There is much work to be done at home as well. Socialization is very important for puppies. The purpose of socialization is to have the puppy interact with other people, animals, and things in order to be comfortable with the environment in which they live.
When socializing, don’t try to reinforce commands or proper behaviors because that takes your pet’s attention away from the new experiences. Learning should be balanced with play.
Put your pet in situations that she may experience as an adult, such as riding in the car, being in a carrier, going to the groomer, meeting other animals and people, and taking trips to the vet. Introduce your puppy to new people, animals, and things in a safe, relaxed manner.
If your pet reacts with fear, you likely need to dial down the interaction to the level the puppy is comfortable.

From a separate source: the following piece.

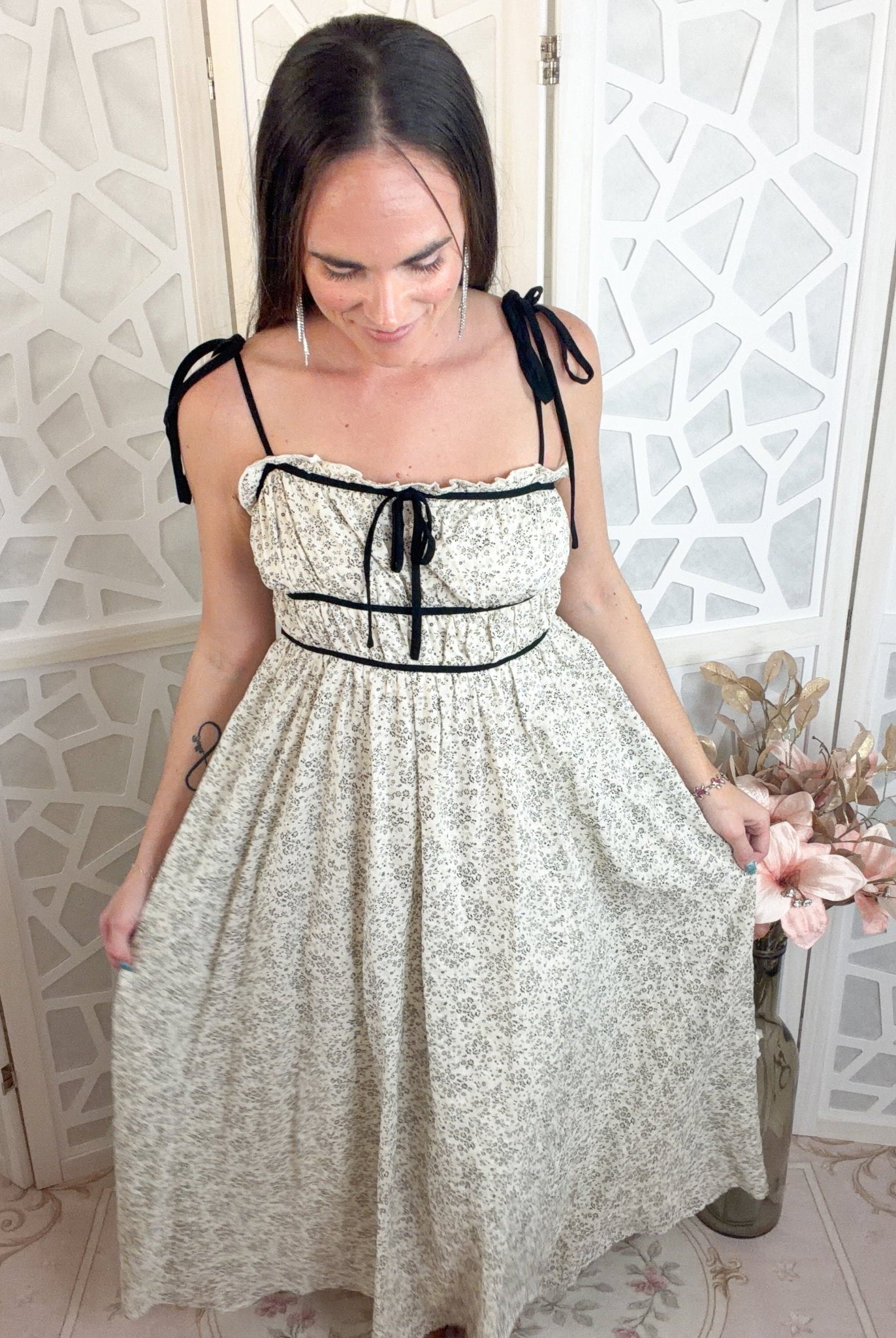 Aria Floral Contrast Trim Maxi Dress - Bella Blossom Boutique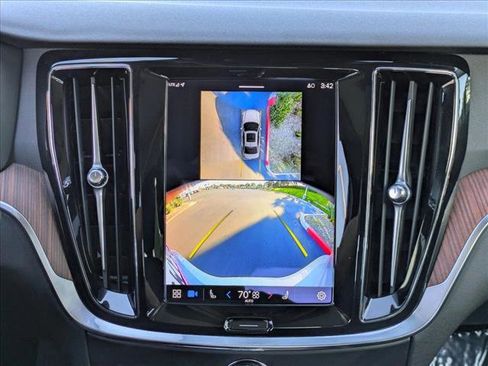 Used 2024 Volvo S60 B5 Plus image 14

This could mean letting them watch instead of play, distracting them with treats, or moving them farther away from whatever they are afraid of until they become comfortable. Never punish a fearful puppy if they are anxious during interactions.
This is an important time in their development and creating fearful situations will only lead to more problems in the future.
Socialization is very important, but it also must be done safely. Unvaccinated pets or public dog areas increase risk of contracting disease, so these things are best avoided.
Puppy classes are typically ideal as they require puppies to be healthy and up to date on vaccines to attend.
It is also important to work on ‘gentling’ exercises every day at home as well. It allows your pet to become comfortable with handling that will be part of their long term lives.
You should gently touch the puppy’s face, raise their lips to examine their teeth, handle their ears, and touch and hold their paws.
It is also important to have them acclimated to being held in place gently and calmly so that they do not react in a fearful manner when restraint may be necessary for veterinary visits, toe nail maintenance, or grooming.
Of course, this is all just a small part of raising your new puppy.
The book Puppy Start Right is co-authored by a veterinarian and a technician with certification in behavior techniques, it is recommended by many veterinary behaviorists.
You can also seek out Perfect Puppy in 7 Days: How to Start Your Puppy Off Right by Dr. Sophia Yin, a renowned veterinary behaviorist.